The same applies to documents: a 200-page PDF becomes 200 searchable chunks instead of one monolithic record.

## Feature URIs

Every feature produced by decomposition gets a URI that uniquely identifies it:

```
mixpeek://multimodal_extractor@v1/vertex_multimodal_embedding
mixpeek://face_identity_extractor@v1/insightface__arcface
mixpeek://my_custom_plugin@1.0.0/domain_embedding
```

Retrievers, taxonomies, and clusters reference features by URI. This is the composition boundary — you can build a retriever that searches `multimodal_embedding` in one stage and `face_embedding` in another, even though they were produced by different extractors.

## Configuring Decomposition

Decomposition is configured via the `feature_extractor` field on a collection:

```json theme={null}
{
  "collection_name": "video-library",
  "source": { "type": "bucket", "bucket_ids": ["bkt_videos"] },
  "feature_extractor": {
    "feature_extractor_name": "multimodal_extractor",
    "version": "v1",
    "input_mappings": {
      "video": "video_url"
    },
    "settings": {
      "video_segmentation": {
        "type": "time",
        "interval_sec": 10
      },
      "run_transcription": true,
      "run_scene_description": true
    }
  }
}
```

The `settings` object controls the decomposition strategy.

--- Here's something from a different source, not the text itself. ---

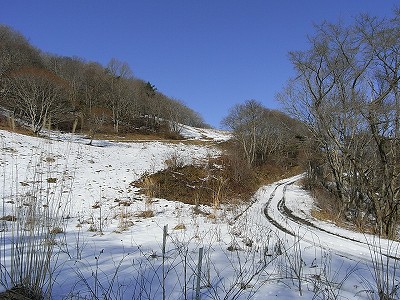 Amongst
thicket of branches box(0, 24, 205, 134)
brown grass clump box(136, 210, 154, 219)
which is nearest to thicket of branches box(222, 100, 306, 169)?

Each extractor has its own settings — see the extractor-specific pages for details:

<CardGroup cols={2}>
  <Card title="From Video" icon="video" href="/processing/extractors/multimodal">
    Time, scene, and silence segmentation strategies
  </Card>

  <Card title="From Images" icon="image" href="/processing/extractors/image">
    Visual embeddings, OCR, and structured extraction
  </Card>

  <Card title="From Audio" icon="headphones" href="/processing/extractors/multimodal">
    Silence-boundary segmentation and transcription
  </Card>

  <Card title="From Documents" icon="file-lines" href="/processing/extractors/document">
    Page, paragraph, and sentence chunking
  </Card>
</CardGroup>

## Multi-Tier Decomposition

When a single extraction pass isn't enough — e.g., you need to transcribe audio *then* embed the transcription *then* classify each chunk — you chain collections. Each tier reads the output of the previous one, forming a DAG:

```
Tier 1: raw video → segments with transcripts
Tier 2: tier-1 docs → text chunks with embeddings
Tier 3: tier-2 docs → classifications per chunk
```

The engine resolves tiers automatically and executes them in dependency order. See [Multi-Tier Feature Extraction](/processing/multi-tier-extractors) for the full guide.

## Lineage

Every document tracks its lineage back to the original object:

```json theme={null}
{
  "root_object_id": "obj_video_123",
  "root_bucket_id": "bkt_marketing",
  "source_collection_id": "col_segments",
  "lineage_path": "bkt_marketing/col_segments/col_chunks"
}
```

This lets you trace any search result back through tiers to the original file. Use the [Lineage API](/api-reference/document-lineage/get-document-lineage) to visualize the decomposition tree.